→ EXERCISE OBJECTIVE: Where a line of the entries holds the string "students", copy that line.

→ DATASET EXCERPTS:
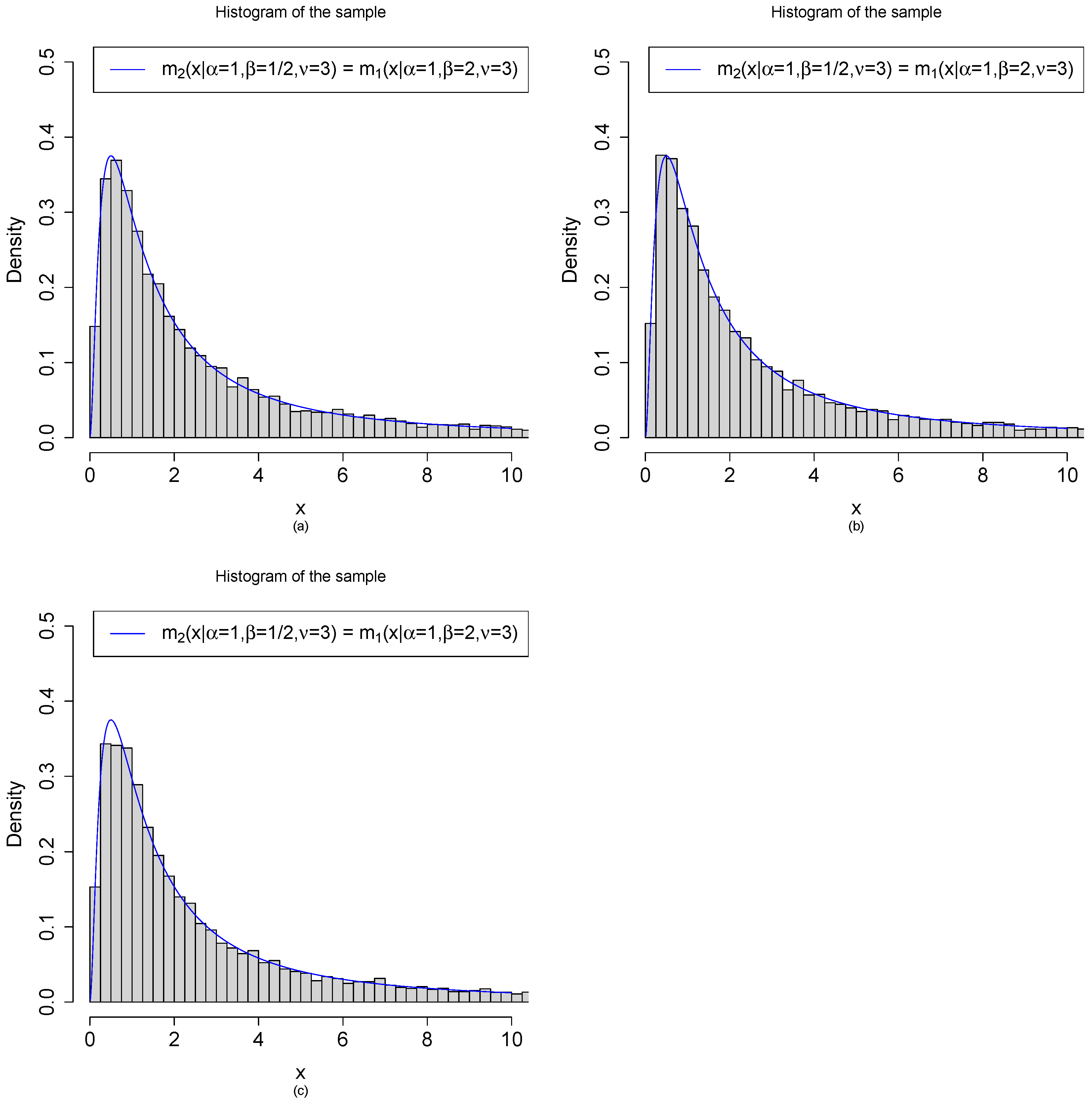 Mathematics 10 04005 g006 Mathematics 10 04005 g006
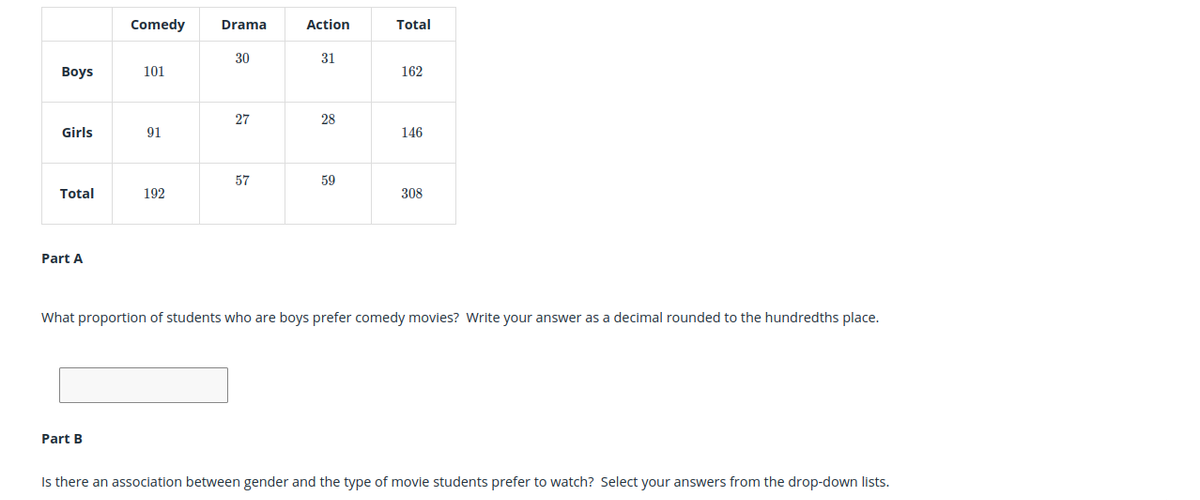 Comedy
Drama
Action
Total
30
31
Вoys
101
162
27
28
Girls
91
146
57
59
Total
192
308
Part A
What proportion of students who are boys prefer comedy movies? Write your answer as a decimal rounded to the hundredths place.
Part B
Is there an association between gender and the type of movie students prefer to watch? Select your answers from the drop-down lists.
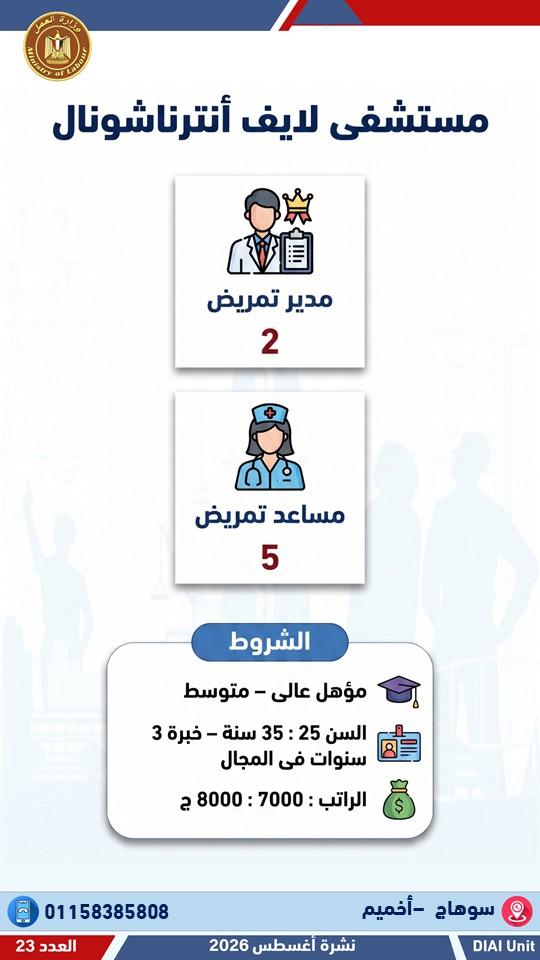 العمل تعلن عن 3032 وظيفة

→ EXERCISE OUTPUT:
What proportion of students who are boys prefer comedy movies? Write your answer as a decimal rounded to the hundredths place.
Is there an association between gender and the type of movie students prefer to watch? Select your answers from the drop-down lists.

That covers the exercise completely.